At least when you keep something close to you, and don’t share it, you truly own it. And nobody else gets to know how sad it is. You don’t get to own much of anything in this world anymore, but at least your sadness, if you keep it to yourself, is all yours.
Now, it might seem tempting to share your sadness so that you can get some positive words back, about how people feel your pain, blah blah blah—but even if that does happen (rare), it means almost nothing. What good is there really about other people saying something nice to you about a situation they know nothing about? If people say cruel things about something they know nothing about, we would rightly dismiss that—the same is true for people saying nice things about a situation they know nothing about.
Sharing might seem like a good way to get some advice—after all, if you share your sadness, other people with similar experiences might offer their advice. But has advice ever helped anyone? Hearing some words from someone else and applying them to your life—believing that this could ever help feels like magical thinking to me. Advice, even when it has good intentions, only ever does one thing—it makes you more like the person who is giving you the advice.
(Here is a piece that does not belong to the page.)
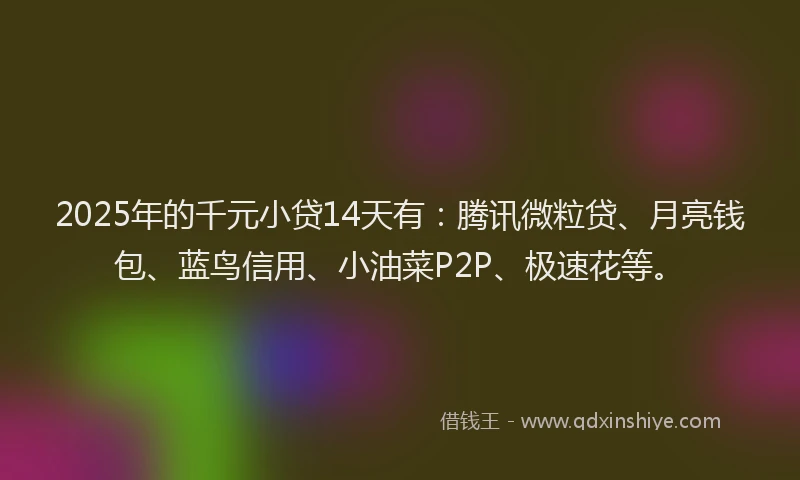 2025年的千元小贷14天有：腾讯微粒贷、月亮钱包、蓝鸟信用、小油菜P2P、极速花等。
Advice is just someone else telling you how to be more like them—that if something worked for them, maybe it will work for you. Of course, that’s impossible—every single person is infinitely different than any other person. Even when someone seems similar to you, there are still massive differences. What worked for them will not work for you—it will work in terms of making you more like them. That’s it. So even when advice works, it only works in bringing you farther away from yourself. Even in the best case scenario of sharing—someone decides to give you good supportive advice—all it does is take you away from yourself.
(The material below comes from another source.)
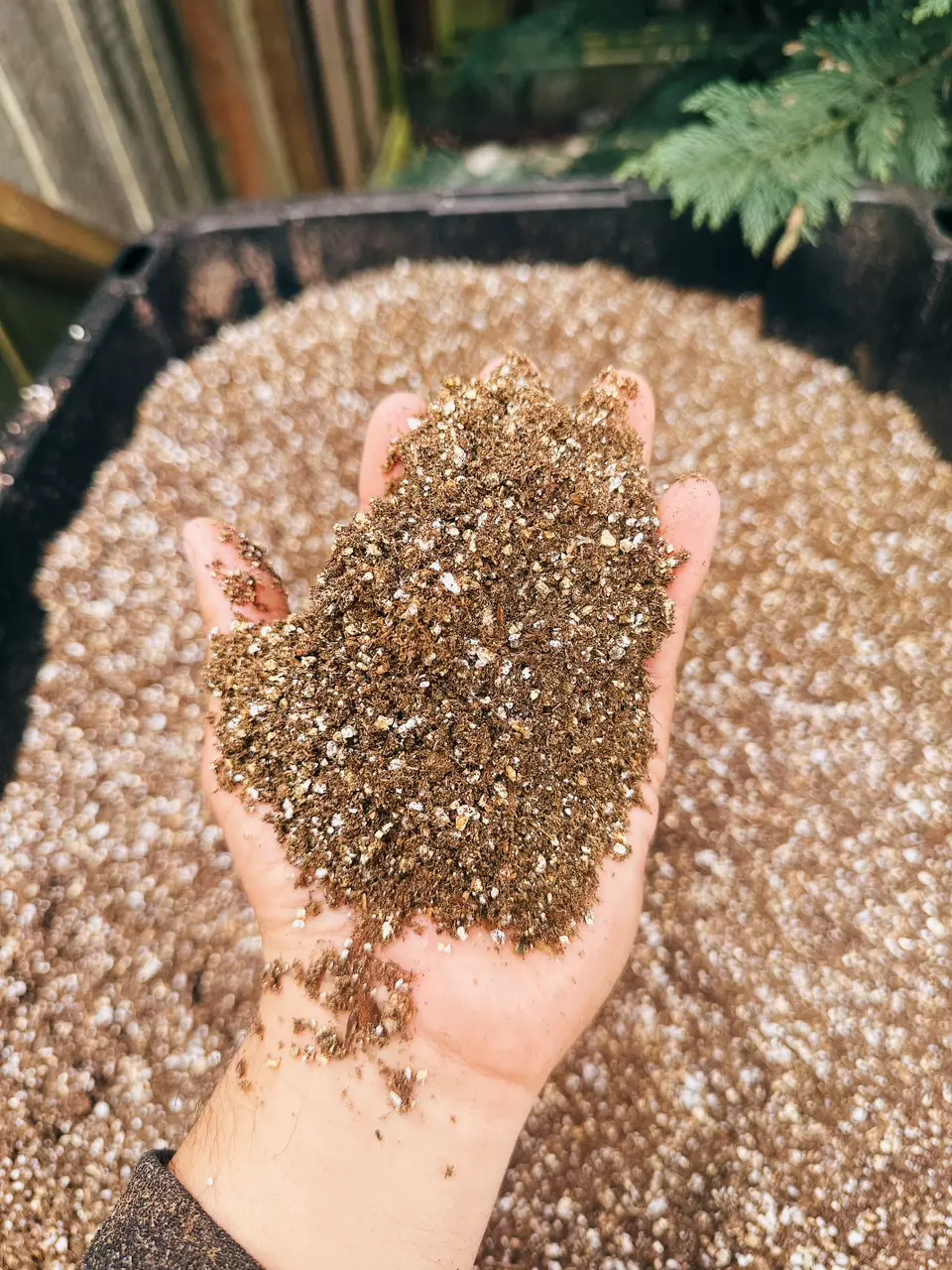 Pinguicula (Butterwort) Alkaline Soil Substrate Mix thumbnail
Back to our initial question—can anything really be sad anymore?
With the world as it is, with everything constantly being put out into digital space forever for the whole world to see, nothing feels truly sad anymore. I think part of what made 9/11 the tragedy that it was was that it happened before the internet was really in its true form. In 2001, the internet wasn’t all that important yet. 9/11 coverage was on TV all the time, of course, but you could turn the TV off, go to your room and just think about it. Or go for a walk and get away from it. That actually made it more sad I think. I remember when I got out of school on 9/11 I went to my room by myself and just thought about it and felt the sadness. If every inch of it was shared on the Internet, I don’t think it would have felt as sad—it would have just been a spectacle and quickly become absurd.
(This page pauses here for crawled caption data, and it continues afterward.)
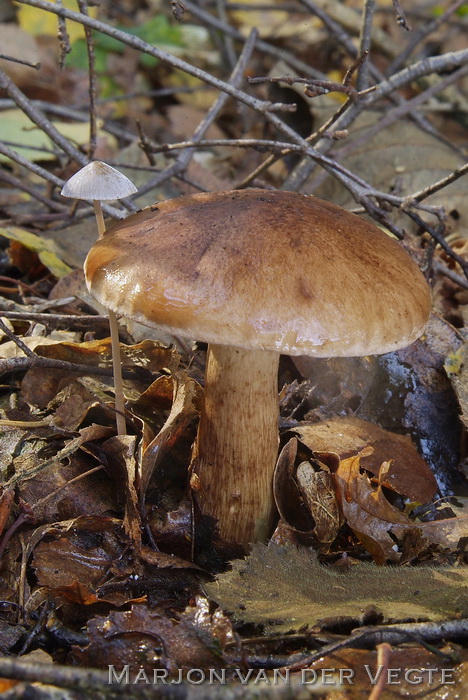 Berkenridderzwam - Tricholoma fulvum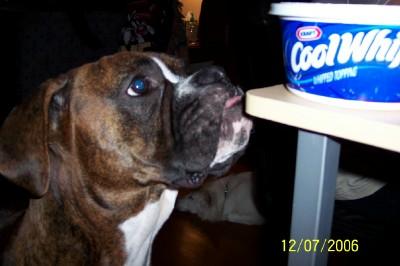Can I have some please!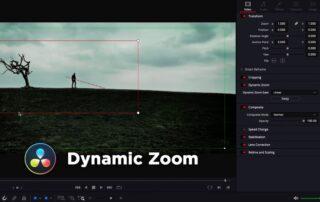 Tutorial „Dynamic Zoom“ | DaVinci Resolve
If anything like 9/11 happened today, I don’t think we have the capacity to register it as a tragedy anymore. It would immediately just become images, memes, that are passed around millions of times and our eyes would be desensitized to it. We don’t have the time, space, or personal connection to anything for it to penetrate a level of real sadness now.
So if you have anything sad, you should keep it to yourself as much as possible. If you can manage to actually feel sadness about something today, that is one of the few signs of hope that still exist, and one of the signs of personal strength.
As a talking gorilla in a suit once told me “cope… is good”. “Always remember ZOG opposes cope.” And “the most boomer cope thing I have heard in a long time was an old homeless man asking me to stop because I was stabbing him repeatedly in the chest with an 8 inch chef’s knife”.